--- Exercise ---
Each line from the one holding "A cityscape featuring" to the last line below must be restated word for word, and no picture may be included.

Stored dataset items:

┄┄┄┄┄┄

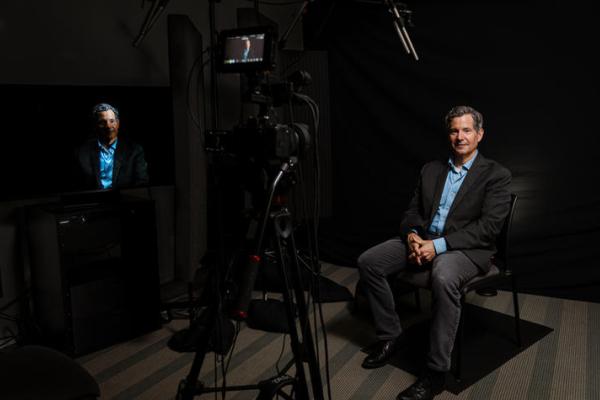 Nunn Center Director Doug Boyd in front of a camera in the Nunn Center recording studio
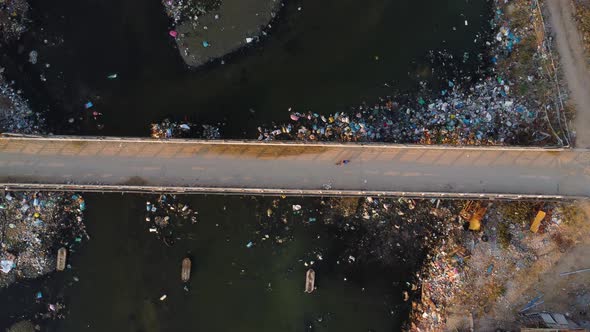 Road crossing a polluted river. Locals have problems with garbage collection. Son Hai town, near Pha alt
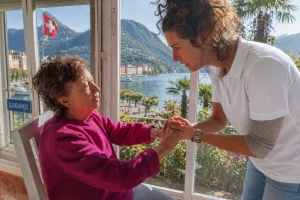 Infermiera a domicilio assiste un’anziana a Lugano con vista sul lago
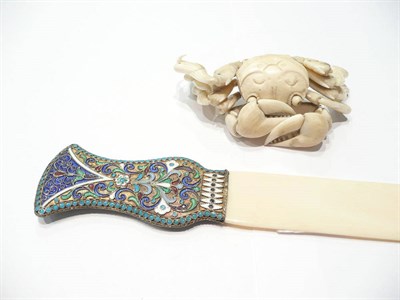 Lot 5 - Russian style ivory page turner and a carved ivory crab (a.f.)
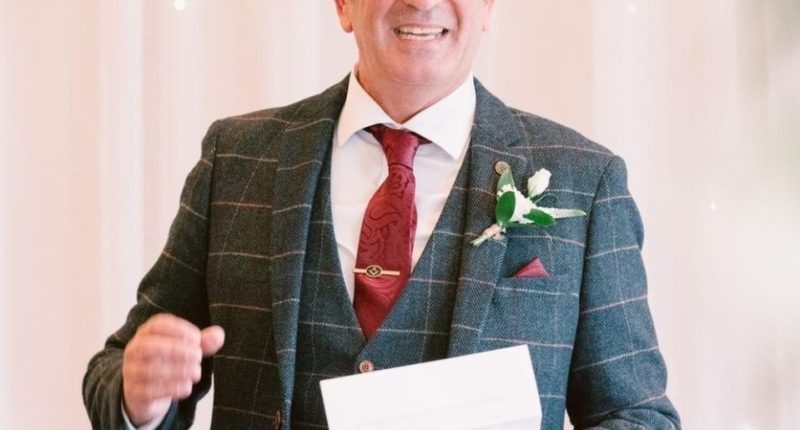 Man in suit giving a speech.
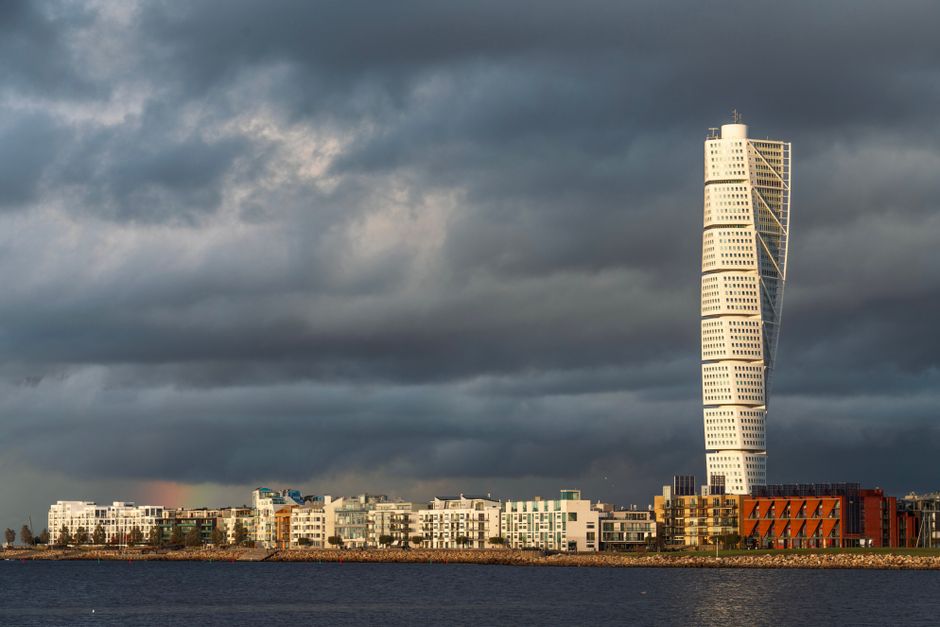 A cityscape featuring a modern, multi-storey skyscraper with a distinctive twisted design, situated behind a row of low-rise residential buildings with white facades, large windows, and balconies. The buildings are positioned along a body of water, with a low stone embankment separating them from the water. Above, dark, stormy clouds dominate the sky, casting a moody atmosphere over the scene. In the foreground, there are no visible vehicles or objects related to house removals or moving services. The image captures the urban environment possibly related to relocation activities, with a focus on the city’s architecture and weather conditions, as seen through the lens of Man with Van Holloway’s website offering removals and moving logistics in the area.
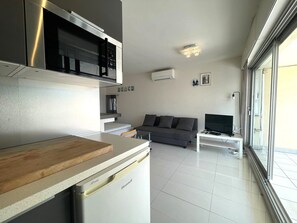 A modern kitchen with a dishwasher, a wooden countertop, and a grey sofa in the living area. - 1-BR Villa with Terrace and Air Conditioning - Cap d'Agde (Cap d'Agde)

┄┄┄┄┄┄

--- Answer to this problem ---
 A cityscape featuring a modern, multi-storey skyscraper with a distinctive twisted design, situated behind a row of low-rise residential buildings with white facades, large windows, and balconies. The buildings are positioned along a body of water, with a low stone embankment separating them from the water. Above, dark, stormy clouds dominate the sky, casting a moody atmosphere over the scene. In the foreground, there are no visible vehicles or objects related to house removals or moving services. The image captures the urban environment possibly related to relocation activities, with a focus on the city’s architecture and weather conditions, as seen through the lens of Man with Van Holloway’s website offering removals and moving logistics in the area.
 A modern kitchen with a dishwasher, a wooden countertop, and a grey sofa in the living area. - 1-BR Villa with Terrace and Air Conditioning - Cap d'Agde (Cap d'Agde)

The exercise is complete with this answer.